In a planning conference with Ron Paul, I would probably suggest he perform additional research to discover whether instances of hurricanes exist during which the federal government’s assistance did help a state rebuild. I would also likely remind him of our STAR criteria for evidence, in which the T stands for timeliness, and ask that he make sure to have an example more recent than fifty years ago.

The best I could do with Mitt Romney would be to ask him to perhaps be a bit more precise in his language, to avoid accusations from a dissenting audience, of the fallacy of false dilemma. At a campaign event in Florida last summer, after listening to a crowd of middle-aged, middle-class citizens discuss their difficulties in finding jobs in the current economic downturn, Romney tried to make a joke and fell prey to this logical flaw.

“I should tell my story,” Romney said. “I’m also unemployed.”

The room, even full of Romney supporters, what we might call an audience of believers, paused silently. Had I the chance to work with Romney on his speech ahead of time, I might have cautioned that his imprecise use of language drew a dichotomy between having a job and not having a job that may not accurately represent the conflict in question.

Assuming that everyone who doesn’t have a job is unemployed, just as assuming that everyone who isn’t with you is against you, assumes that employed and unemployed are the only two options. But I would ask Mr. Romney if he imagines that everyone in his target audience would agree that those two positions are mutually exclusive. I would ask him whether there is any grey area, any in between, that might make his version of unemployed meaningfully different from the experiences of other unemployed people.
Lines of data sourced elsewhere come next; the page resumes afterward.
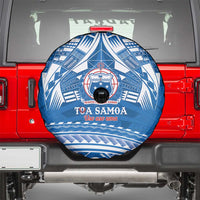 Toa Samoa Rugby Custom Spare Tire Cover Uso aso uma Samoan Pattern Blue - Polynesian Pride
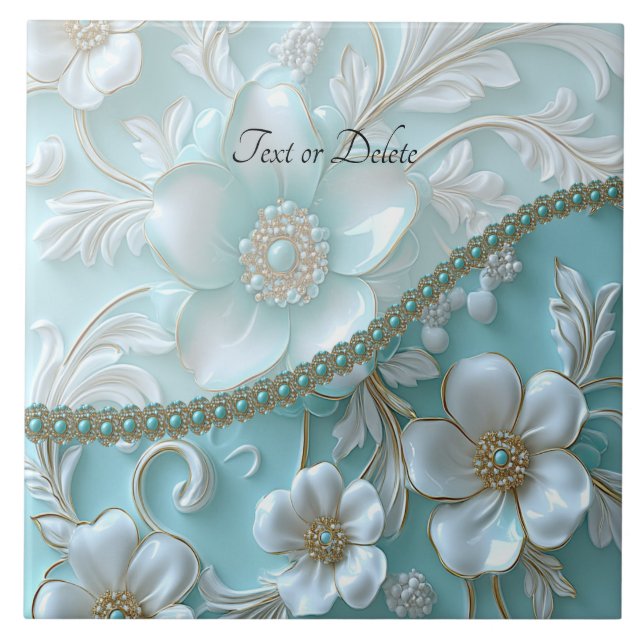 Teal White Floral Ceramic Tile (Front)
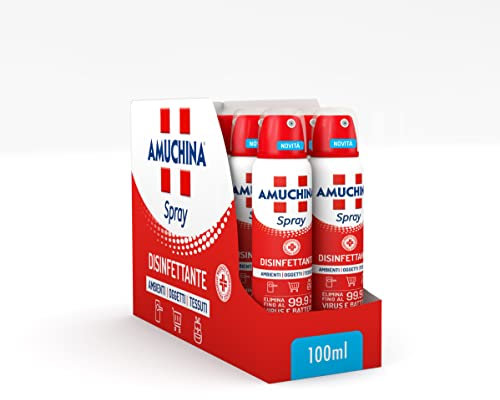 Amuchina Spray Disinfettante Virucida per Ambienti, Oggetti e Tessuti, 12 Flaconi da 100 ml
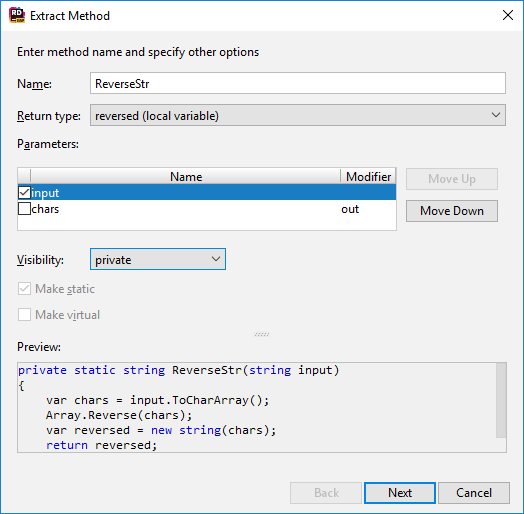 JetBrains Rider。抽出メソッドのリファクタリング JetBrains Rider. Extract Method refactoring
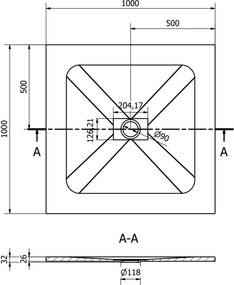 Mexen Hugo kwadratische douchebak SMC 100 x 100 cm, grijs - 42611010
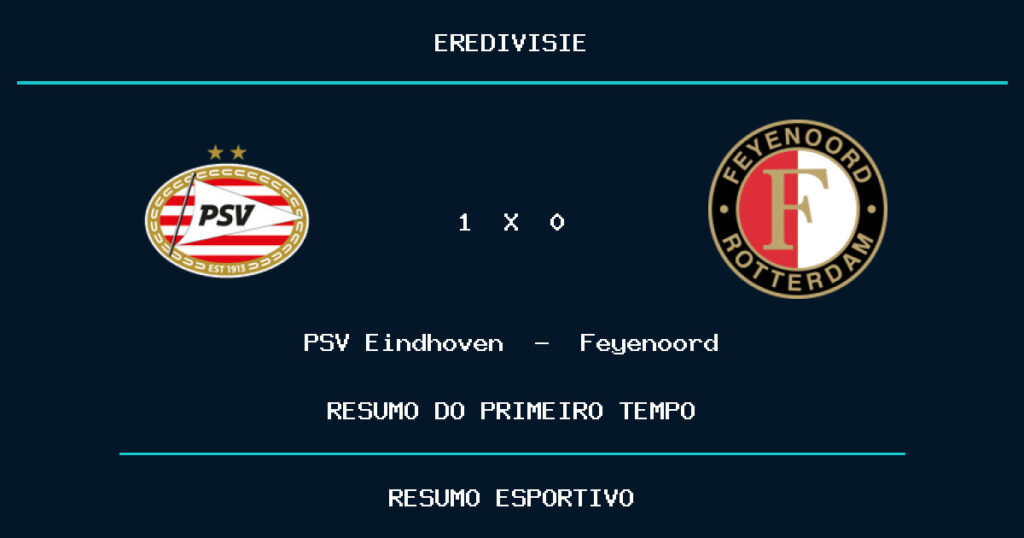 PSV Eindhoven 1 x 0 Feyenoord: como foi o primeiro tempo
Mitt Romney, if he were a student of mine, might have felt challenged by my questions. He might assume that I asked because I disagreed with him, rather than because I wanted to encourage him to envision a more nuanced version of the situation.
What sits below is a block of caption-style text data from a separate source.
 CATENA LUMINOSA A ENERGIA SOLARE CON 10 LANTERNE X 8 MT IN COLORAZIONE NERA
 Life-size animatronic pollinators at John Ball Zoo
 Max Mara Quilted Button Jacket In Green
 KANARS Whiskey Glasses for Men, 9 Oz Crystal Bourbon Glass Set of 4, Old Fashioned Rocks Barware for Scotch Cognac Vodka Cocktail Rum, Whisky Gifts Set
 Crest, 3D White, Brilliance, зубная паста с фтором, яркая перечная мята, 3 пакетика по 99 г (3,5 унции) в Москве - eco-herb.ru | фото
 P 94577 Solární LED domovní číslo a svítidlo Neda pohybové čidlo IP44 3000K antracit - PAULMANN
While I may disagree with the fundamental values expressed in these examples, my professional concern is far greater than my personal concern. I know these men are candidates running for the office of the President in the age of new media, and that part of being electable in this age means being capable of producing sound bites. I know they are speaking to a television audience with a short attention span, and don’t always feel it necessary to explain their positions in supported, logical detail.

But there are consequences to these oversimplifications that are far greater than free media air time. The way the candidates speak has produced a generation of students who also think that way. They don’t really understand the nuance and complexity of these issues, and instead resort to repeating only what they have heard from other sources. They think national healthcare will lead to death panels, that welfare is for lazy people, that taxing capital gains is punishing the risk-taker. The candidate’s shorthand becomes a social misunderstanding.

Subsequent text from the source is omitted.